Above the Arctic Circle transports the reader back in time to the Alaska of 1911 into the Athabaskan Indian village of Fort Yukon and beyond. It was a time when travel was by trail or river on routes shared by man and wild beast, when communication reached only as far as the echo of one's voice, and when the first order of each new day was survival in the face of unyielding natural elements. This is the time and place chronicled in the personal journals of James A. explorer, pioneer, dogsled musher, trapper, trader, husband, and father. It is an authentic first-hand account of a young man's first decade in the territory of Alaska, a straightforward telling of the adversity and adventures of life on the far north frontier. This story, told with honesty and more than a little humor, offers a kind of kinship connecting author and reader thereby extending a personal invitation to take the journey north through time with James A. Carroll -- Above the Arctic Circle.

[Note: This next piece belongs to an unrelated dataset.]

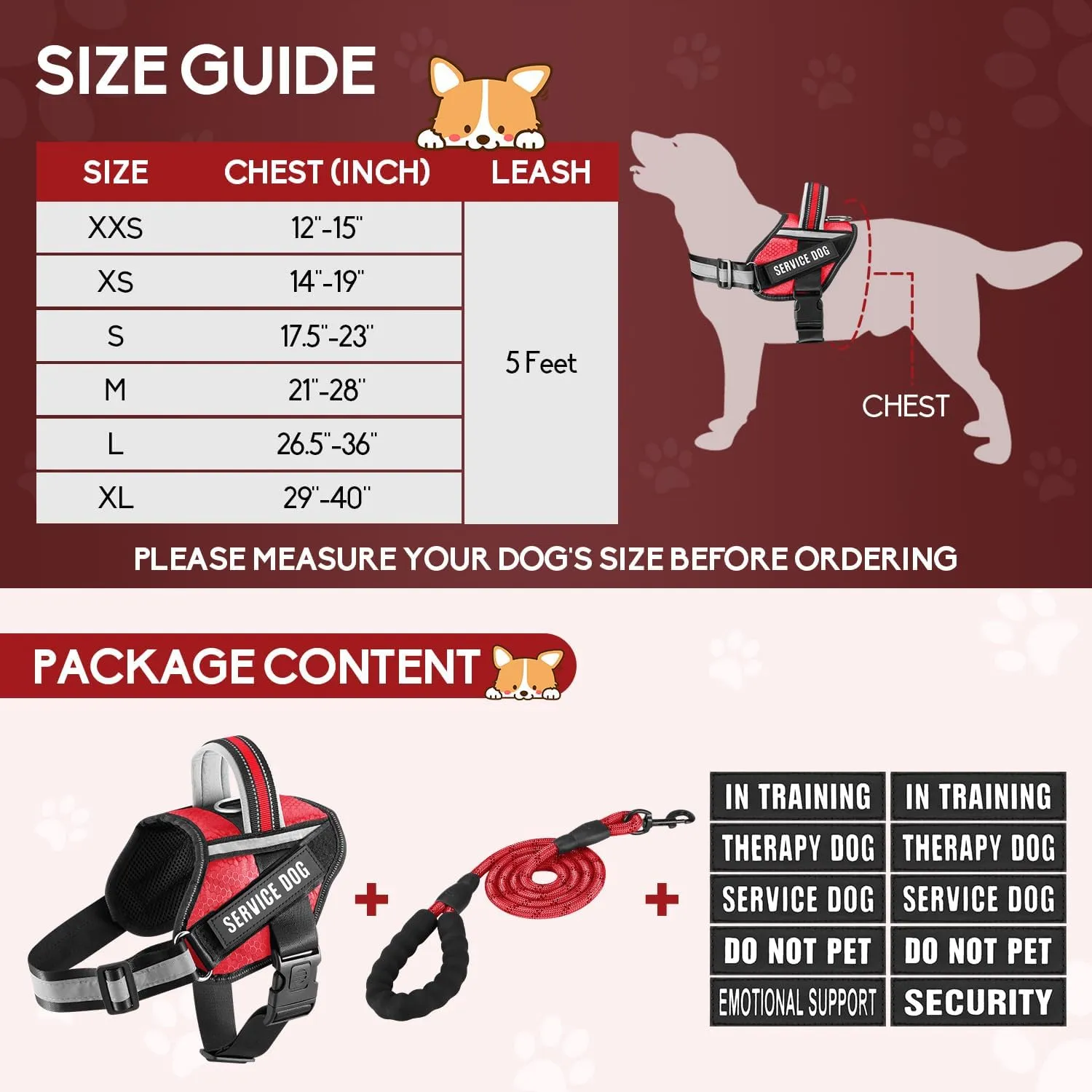 Service Dog Vest Harness and Leash Set, Animire in Training Dog Harness with 10 Dog Patches, Reflective Dog Leash with Soft Padded Handle for Small, Medium, Large, and Extra-Large Dogs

This was a little slow and was a little boring. While the book was life experiences, it read like a paper and just had facts about what the author did. It had no emotion and was just here is what I did and when. This is something I would skip.
James Carroll was a natural born storyteller and he had to be a tough man to live his life north of the Arctic Circle in Alaska. Carroll’s Alaska was a great read and a true test of his survival skills.
Very good to set in history the life of living in bush of Alaska. Tough life tough people that did what was necessary to live and raise a family. Well written.